Nlmatics extracts data from large documents sets using retrieval augemented generation (RAG). It can also be used for RAG search on knowledge bases. It comes with an extensive UI for search, data extraction and PDF viewing. It ingests documents using the llmsherpa/nlm-ingestor backend and indexes the document in elastic search which are retrieved using a hybrid search approach.
Nlmatics was founded by Ambika Sukla and Bulent Yener.

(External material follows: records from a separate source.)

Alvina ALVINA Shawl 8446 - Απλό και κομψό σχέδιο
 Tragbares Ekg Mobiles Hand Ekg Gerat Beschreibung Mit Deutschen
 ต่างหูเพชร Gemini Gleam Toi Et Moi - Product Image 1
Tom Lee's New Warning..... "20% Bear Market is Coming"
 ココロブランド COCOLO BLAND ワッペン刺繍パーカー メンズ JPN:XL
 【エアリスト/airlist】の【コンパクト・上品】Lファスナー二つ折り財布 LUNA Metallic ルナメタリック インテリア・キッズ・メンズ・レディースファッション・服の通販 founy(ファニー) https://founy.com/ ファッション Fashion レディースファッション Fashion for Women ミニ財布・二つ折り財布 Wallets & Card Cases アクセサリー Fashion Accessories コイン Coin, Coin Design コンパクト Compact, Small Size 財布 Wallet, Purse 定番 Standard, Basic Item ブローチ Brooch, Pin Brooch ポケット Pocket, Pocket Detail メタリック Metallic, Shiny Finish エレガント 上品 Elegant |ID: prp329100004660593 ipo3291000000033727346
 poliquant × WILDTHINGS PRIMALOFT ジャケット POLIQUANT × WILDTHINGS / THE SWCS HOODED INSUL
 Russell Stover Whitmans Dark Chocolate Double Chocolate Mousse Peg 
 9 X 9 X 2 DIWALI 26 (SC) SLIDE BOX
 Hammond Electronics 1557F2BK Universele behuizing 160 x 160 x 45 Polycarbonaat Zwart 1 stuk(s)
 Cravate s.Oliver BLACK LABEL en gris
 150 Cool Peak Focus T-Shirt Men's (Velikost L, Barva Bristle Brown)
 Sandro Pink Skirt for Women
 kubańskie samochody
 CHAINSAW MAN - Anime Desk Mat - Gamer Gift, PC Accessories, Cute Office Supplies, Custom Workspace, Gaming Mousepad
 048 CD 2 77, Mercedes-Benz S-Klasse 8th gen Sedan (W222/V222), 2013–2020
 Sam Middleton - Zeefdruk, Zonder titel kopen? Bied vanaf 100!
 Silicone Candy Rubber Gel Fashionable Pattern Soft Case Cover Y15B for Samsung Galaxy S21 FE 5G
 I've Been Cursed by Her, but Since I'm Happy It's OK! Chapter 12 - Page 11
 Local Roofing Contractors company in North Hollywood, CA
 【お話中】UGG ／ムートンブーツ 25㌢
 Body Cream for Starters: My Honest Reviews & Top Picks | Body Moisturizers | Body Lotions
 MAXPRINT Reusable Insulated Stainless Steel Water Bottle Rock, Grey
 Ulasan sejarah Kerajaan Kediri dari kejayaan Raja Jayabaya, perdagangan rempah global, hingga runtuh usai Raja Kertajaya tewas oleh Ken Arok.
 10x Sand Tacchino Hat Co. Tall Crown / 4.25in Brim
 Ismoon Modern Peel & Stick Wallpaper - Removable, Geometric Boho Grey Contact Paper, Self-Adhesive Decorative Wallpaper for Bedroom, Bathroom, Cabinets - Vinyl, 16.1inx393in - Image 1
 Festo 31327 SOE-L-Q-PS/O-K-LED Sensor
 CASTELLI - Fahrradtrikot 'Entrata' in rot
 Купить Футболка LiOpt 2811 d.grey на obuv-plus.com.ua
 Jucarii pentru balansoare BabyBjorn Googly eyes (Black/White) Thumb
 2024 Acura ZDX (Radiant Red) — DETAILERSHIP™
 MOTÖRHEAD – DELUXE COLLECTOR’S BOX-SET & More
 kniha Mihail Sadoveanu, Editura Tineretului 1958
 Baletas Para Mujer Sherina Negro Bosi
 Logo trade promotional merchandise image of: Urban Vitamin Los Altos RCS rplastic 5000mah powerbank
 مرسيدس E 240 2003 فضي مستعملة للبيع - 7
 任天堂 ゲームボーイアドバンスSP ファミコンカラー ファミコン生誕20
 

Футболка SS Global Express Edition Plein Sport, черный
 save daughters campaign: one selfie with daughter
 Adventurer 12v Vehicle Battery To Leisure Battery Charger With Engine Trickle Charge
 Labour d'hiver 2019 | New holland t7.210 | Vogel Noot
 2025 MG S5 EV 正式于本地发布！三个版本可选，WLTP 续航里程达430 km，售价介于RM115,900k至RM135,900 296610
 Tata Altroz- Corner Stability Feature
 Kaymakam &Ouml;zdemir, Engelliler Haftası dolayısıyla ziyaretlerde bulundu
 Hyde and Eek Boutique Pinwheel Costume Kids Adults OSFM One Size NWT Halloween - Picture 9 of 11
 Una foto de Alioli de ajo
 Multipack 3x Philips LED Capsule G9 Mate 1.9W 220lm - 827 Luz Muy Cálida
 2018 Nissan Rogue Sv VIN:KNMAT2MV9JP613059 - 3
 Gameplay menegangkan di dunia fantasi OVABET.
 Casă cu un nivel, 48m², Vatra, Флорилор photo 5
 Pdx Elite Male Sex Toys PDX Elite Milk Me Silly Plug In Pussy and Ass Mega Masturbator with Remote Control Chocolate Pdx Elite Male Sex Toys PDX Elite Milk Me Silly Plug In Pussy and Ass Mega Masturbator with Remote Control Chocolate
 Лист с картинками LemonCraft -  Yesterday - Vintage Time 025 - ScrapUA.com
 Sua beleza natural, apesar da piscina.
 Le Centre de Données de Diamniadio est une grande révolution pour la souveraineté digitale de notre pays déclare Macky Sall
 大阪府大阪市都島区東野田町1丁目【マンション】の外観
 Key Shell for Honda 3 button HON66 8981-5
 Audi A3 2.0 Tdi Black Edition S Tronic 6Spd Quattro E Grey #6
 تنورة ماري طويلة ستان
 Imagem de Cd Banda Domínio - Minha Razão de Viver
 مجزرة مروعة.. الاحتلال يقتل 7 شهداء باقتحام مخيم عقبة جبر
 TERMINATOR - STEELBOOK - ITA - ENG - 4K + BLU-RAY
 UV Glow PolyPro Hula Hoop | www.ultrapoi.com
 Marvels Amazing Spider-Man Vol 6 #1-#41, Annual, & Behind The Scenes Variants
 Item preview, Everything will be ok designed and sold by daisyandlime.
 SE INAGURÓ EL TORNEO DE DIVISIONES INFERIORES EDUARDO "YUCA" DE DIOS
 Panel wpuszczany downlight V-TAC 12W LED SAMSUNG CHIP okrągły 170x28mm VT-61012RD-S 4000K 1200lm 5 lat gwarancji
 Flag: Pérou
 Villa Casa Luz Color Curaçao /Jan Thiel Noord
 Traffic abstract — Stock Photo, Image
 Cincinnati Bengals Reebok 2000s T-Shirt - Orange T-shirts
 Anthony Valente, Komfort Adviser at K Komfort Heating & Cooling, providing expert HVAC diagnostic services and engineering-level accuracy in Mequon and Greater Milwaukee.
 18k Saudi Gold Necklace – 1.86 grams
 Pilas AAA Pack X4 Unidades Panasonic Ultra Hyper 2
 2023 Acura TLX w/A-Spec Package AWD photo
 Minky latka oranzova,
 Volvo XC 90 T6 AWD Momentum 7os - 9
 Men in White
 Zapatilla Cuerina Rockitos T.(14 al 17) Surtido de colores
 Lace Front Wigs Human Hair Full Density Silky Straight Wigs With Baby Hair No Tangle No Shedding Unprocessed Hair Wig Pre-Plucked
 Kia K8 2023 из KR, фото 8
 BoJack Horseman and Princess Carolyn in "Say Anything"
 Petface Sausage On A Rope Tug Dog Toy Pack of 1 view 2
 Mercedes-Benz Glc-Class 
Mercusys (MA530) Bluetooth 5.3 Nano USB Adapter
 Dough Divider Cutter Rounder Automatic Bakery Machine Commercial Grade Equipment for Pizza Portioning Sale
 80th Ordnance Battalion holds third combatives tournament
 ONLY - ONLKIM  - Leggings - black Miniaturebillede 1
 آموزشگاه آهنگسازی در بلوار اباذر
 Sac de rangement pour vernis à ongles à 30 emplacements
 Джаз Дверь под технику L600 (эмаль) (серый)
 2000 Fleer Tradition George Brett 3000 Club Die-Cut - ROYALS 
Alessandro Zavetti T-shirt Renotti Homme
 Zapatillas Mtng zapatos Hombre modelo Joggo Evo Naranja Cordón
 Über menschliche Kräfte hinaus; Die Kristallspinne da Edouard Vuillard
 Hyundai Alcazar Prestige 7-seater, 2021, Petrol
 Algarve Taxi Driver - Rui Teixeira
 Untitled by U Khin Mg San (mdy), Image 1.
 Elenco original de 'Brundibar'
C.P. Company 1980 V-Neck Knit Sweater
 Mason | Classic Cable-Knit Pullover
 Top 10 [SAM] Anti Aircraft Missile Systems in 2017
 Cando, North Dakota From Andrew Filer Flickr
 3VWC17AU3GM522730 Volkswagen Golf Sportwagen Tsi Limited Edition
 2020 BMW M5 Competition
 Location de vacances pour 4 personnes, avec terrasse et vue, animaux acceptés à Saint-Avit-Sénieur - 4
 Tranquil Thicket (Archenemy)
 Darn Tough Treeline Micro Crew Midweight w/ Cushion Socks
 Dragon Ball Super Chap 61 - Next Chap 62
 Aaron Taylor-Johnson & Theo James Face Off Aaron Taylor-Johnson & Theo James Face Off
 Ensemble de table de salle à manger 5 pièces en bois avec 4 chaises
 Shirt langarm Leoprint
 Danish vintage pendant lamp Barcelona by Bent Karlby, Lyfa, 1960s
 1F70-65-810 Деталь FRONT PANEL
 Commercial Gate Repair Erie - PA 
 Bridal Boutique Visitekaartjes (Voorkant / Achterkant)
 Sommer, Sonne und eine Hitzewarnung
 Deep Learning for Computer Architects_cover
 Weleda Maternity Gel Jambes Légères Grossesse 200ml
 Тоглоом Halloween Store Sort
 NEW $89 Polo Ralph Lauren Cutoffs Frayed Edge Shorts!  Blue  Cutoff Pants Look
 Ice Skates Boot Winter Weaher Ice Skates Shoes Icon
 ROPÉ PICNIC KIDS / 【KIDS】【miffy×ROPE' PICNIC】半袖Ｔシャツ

Nlmatics developed an early RAG like question answering, semantic search and data extraction pipeline using layout aware chunking, vector + bm25 indexing and language models. The open source codebase was developed from 2020-2023 by Yi Zhang, Ambika Sukla, Kiran Panicker, Niranjan Borawake, Suhail Kandanur, Wonjun Kang, Reshav Abraham, Nima Sheikholeslami, Lora Johns, Jasmin Omanovic, Karen Reeves, Sonia Joseph, Evan Li, Batya Stein, Cheyenne Zhang, Ashlan Ahmed, Nicholas Greenspan, Connie Xu, Shivangi Jha and others with product management support from Pooja Reddy, Ambika Sukla and Jan Choy.
Nlmatics is thankful to have worked with prominent early adopters in financial services, legal services and life sciences who recognized and leveraged our technology way before the current wave of generative AI.
Nlmatics raised seed funding from Felix Anthony, Silvertech Ventures, World Trade Ventures and ERS Ventures.